__Try it__:
Nothing but the lines from the one containing "Maintenance Service Kit" through the one containing "LAURA KINNEY: SABRETOOTH #3 [AOR]", both included, should be given again, each exactly as written below.

· · · · · · ·

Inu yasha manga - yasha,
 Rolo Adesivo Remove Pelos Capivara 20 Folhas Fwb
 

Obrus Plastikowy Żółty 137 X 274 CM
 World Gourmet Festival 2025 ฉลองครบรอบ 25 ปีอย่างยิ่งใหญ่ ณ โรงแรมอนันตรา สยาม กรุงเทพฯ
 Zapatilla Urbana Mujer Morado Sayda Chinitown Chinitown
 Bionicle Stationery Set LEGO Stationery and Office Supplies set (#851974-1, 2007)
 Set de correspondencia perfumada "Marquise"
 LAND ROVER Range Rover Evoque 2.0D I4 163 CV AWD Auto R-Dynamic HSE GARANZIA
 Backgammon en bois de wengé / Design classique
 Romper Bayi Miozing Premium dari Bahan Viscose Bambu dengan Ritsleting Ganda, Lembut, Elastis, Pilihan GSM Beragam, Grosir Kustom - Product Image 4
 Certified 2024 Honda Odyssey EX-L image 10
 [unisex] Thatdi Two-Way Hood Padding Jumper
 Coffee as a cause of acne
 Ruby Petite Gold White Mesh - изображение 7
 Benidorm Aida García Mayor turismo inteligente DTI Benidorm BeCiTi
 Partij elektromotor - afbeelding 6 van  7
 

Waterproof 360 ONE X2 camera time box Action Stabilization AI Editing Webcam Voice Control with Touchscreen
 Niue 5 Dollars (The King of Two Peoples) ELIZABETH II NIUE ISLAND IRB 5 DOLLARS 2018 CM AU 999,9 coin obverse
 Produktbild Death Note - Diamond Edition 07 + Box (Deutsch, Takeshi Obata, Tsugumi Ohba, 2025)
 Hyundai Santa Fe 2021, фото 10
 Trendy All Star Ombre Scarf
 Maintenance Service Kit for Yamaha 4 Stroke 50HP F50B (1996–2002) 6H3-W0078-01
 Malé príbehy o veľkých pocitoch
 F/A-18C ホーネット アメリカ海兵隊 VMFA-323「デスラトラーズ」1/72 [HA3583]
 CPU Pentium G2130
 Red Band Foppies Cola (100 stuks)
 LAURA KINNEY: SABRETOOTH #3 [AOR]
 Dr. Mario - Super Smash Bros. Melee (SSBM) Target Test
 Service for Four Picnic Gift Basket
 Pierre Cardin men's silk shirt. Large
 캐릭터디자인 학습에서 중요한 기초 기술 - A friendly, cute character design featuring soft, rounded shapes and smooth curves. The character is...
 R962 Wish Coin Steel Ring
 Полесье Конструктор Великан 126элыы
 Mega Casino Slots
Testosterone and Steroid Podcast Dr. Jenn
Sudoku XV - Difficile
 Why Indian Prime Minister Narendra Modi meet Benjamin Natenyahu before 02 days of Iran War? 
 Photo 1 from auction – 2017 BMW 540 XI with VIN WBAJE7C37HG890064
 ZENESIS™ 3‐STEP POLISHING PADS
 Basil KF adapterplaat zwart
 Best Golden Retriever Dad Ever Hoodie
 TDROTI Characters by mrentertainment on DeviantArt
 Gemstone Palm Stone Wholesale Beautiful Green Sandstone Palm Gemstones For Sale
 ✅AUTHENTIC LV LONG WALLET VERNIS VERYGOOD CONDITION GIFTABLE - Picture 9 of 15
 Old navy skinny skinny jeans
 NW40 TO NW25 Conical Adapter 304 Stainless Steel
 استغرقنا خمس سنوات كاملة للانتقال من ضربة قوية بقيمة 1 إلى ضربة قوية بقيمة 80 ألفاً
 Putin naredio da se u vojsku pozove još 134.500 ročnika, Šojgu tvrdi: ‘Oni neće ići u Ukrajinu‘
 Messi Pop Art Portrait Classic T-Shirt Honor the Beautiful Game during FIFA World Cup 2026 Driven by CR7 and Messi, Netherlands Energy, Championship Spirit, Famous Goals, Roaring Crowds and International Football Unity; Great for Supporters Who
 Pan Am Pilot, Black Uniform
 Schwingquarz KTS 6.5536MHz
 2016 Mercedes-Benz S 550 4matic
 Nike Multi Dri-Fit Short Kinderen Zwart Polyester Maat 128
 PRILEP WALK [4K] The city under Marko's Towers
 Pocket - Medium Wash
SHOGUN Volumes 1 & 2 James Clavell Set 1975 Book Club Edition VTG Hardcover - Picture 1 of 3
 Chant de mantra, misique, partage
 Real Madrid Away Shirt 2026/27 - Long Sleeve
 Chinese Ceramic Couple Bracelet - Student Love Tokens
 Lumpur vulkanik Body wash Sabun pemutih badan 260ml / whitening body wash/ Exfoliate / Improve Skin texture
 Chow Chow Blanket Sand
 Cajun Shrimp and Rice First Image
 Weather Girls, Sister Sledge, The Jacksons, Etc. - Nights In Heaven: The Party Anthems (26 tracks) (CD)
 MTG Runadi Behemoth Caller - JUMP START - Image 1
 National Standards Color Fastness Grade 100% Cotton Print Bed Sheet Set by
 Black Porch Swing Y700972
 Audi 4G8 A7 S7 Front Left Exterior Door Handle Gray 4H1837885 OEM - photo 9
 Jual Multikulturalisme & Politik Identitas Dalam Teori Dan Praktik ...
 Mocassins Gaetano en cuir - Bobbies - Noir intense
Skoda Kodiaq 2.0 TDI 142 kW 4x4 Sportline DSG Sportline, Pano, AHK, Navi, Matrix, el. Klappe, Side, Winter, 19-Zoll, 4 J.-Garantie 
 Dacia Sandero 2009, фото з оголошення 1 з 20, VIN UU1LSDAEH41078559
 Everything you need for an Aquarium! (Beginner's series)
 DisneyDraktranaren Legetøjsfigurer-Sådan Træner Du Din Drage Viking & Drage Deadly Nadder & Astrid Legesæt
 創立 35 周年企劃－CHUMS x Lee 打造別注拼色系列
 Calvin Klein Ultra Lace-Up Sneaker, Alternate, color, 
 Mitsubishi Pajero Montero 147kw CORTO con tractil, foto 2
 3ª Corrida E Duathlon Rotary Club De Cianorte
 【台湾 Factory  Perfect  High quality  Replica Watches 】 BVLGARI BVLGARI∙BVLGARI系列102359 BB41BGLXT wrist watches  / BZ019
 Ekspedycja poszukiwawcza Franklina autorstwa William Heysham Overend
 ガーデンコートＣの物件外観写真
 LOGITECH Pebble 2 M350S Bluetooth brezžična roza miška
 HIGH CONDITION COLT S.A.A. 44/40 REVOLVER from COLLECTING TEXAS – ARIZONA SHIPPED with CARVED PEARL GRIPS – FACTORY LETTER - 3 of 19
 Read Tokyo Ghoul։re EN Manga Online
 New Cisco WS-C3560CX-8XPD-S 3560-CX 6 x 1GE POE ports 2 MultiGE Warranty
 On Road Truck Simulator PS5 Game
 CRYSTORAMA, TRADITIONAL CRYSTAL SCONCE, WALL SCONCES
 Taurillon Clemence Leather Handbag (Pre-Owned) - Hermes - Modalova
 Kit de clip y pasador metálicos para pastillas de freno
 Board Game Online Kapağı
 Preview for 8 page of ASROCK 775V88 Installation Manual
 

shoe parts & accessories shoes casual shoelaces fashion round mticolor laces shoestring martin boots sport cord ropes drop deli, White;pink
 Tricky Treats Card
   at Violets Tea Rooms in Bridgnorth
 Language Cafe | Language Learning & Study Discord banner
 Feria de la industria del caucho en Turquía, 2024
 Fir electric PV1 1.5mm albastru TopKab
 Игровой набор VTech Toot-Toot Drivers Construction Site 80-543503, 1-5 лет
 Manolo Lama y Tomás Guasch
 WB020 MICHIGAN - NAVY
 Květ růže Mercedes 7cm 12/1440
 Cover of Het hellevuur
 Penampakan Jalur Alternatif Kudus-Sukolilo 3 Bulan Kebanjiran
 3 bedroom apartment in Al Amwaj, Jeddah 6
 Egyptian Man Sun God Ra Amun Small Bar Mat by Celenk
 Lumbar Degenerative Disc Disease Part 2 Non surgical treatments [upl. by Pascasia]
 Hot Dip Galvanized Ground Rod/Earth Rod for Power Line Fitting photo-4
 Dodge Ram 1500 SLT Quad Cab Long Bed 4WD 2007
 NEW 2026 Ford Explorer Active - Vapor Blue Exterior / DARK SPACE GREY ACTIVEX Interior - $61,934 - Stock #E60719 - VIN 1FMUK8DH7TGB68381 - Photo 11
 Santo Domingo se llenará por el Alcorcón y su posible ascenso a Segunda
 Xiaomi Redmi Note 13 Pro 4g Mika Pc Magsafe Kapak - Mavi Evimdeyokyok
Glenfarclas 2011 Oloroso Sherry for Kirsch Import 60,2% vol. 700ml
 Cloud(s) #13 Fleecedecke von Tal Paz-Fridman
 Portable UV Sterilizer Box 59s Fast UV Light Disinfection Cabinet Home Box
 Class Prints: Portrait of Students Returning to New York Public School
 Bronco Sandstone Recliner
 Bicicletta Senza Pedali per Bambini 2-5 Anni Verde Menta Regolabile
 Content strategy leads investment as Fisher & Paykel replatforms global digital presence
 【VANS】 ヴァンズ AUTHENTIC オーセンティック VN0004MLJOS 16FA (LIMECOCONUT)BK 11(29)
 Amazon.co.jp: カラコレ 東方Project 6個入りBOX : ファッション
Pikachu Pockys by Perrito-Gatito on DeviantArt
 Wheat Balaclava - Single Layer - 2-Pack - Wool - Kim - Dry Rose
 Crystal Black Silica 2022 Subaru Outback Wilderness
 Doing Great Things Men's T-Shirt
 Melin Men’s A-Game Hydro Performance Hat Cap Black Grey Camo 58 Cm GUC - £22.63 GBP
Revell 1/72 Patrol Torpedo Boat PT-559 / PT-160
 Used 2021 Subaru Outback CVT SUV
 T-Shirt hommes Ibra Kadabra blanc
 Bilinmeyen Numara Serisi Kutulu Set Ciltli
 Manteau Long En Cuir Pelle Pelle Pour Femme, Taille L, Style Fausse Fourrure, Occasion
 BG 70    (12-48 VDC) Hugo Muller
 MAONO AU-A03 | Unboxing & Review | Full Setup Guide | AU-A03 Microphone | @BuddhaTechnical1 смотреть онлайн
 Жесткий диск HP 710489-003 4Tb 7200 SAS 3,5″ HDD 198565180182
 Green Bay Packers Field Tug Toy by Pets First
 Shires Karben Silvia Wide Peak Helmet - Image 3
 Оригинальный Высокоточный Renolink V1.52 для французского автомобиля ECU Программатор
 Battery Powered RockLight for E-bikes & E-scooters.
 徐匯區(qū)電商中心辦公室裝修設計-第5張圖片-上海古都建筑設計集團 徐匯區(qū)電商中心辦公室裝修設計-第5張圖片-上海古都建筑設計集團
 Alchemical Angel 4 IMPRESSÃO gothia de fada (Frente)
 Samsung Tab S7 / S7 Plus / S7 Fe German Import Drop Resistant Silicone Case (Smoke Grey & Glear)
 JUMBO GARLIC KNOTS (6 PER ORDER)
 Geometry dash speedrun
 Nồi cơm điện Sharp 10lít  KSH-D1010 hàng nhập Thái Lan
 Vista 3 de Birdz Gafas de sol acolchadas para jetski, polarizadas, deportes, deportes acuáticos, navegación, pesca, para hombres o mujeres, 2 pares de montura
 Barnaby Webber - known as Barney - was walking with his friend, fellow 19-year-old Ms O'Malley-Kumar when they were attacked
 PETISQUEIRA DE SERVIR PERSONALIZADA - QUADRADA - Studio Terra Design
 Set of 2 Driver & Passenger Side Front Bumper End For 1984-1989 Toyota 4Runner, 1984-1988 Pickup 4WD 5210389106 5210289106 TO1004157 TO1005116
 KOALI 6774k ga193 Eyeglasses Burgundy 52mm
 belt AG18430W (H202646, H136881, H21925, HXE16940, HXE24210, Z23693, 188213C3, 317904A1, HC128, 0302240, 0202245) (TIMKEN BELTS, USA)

· · · · · · ·

__Answer section__:
 Maintenance Service Kit for Yamaha 4 Stroke 50HP F50B (1996–2002) 6H3-W0078-01
 Malé príbehy o veľkých pocitoch
 F/A-18C ホーネット アメリカ海兵隊 VMFA-323「デスラトラーズ」1/72 [HA3583]
 CPU Pentium G2130
 Red Band Foppies Cola (100 stuks)
 LAURA KINNEY: SABRETOOTH #3 [AOR]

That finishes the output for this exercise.